Sekali lagi terimakasih atas kepeduliannya.
 
Hormat saya
Tjahjokartiko
Gde Wisnaya Wisna <[EMAIL PROTECTED]> wrote:
Ada rekan dari Jerman mengomentari PLTGU Pemaron.

Salam
GW

----- Original Message -----
From: tlengkey <[EMAIL PROTECTED]>
Sent: Tuesday, June 01, 2004 5:59 AM
Subject: PLTU Pemaron


> Herrnburg, (Germany) 31.05.2004
>
> Sebelumnya ijinkanlah dahulu saya untuk memperkenalkan diri,
> Nama:. Thomas Lengkey Dipl-.Ing, lahir di Singaraja th 1964.
> Pengalaman saya dalam bidang pembangkit tenaga listrik, dapat saya sedikit
> utarakan pada waktu kami (KNG_Rostock) membangun pembangkit tenaga listrik
> dengan daya sekitar 500 MW pada th 1994, dengan menggunakan air laut
sebagai
> pendingin. Air Laut di Ostsee (Laut-Utara) ini kadar garamnya tidak
tinggi,
> walaupun demikian , air laut itu musti di Neutralisir sehingga air
> pendingin itu tidak lagi mengandung garam!Jika hal ini tidak diawasi maka
> saluran pipa air dari Ostsee sampai ke Turbin akan macet dan rusak dalam
> waktu yang singkat. Ini hanya salah satu contoh yang mungkin di Pemaron
> belum disosialisasikan.
>
> Jika seperti yang saya dengar dan baca, bahwa PLTU/PLTD di Pemaron akan
> menggunakan air Laut sebagai alat pendingin, maka saya katakan dengan
jelas
> bahwa ini hanya akan terwujud jika technologi yang dipergunakan sesui
dengan
> standard technologie yang aktuell. Apalagi kadar garam di daerah kita
cukup
> tinggi, jika dibandingkan dengan Ostsee. Dan jika memeng betul bahwa
> Generator/Turbin yang akan dipakai diPemaron sudah tua, maka hal ini akan
> mengundang banyak resiko terhadap lingkungan. Mohon perhatian dan
penelitian
> yang tinggi.
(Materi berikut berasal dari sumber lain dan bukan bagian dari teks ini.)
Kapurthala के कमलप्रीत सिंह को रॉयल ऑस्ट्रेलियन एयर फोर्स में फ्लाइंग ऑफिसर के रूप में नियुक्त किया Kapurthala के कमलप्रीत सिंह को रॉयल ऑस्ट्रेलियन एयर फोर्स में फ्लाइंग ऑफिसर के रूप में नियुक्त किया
Jika pengelolaan PLTU/PLTG diPemaron dengan keadaan
technologie
> yang seperti tertulis di BALI IN DANGER, maka sayapun dengan spontan
> mengatakan "tidak setuju", mengingat pengalaman dan resiko yang tinggi
> terhadap lingkungan!
>
> Dan pemikiran yang berikutnya, jika proyek ini diresmikan dan nantinya ada
> kerusakan yang mempengaruhi lingkungan hidup di daerah Pemaron dan
> sekitarnya, siapa yang mau bertanggung jawab?, UU atau pasal-pasal mana
yang
> bisa menjerat orang-orang yang mengelola Projekt ini? Saya setuju dengan
> pembangkit tenagalistrik yang akan dibangun, tetapi musti juga memikirkan
> okologie sekitarnya, termasuk masyarakar yang tinggal disekitarnya. Saya
> masih ingat bagaimana bisingnya PLTG di Mumbul/dibelakang Kantor Polisi
> dahulu.
>
>
>
>
>
>
>
>
>
>



--
Milis Diskusi Anggota LP3B Bali Indonesia.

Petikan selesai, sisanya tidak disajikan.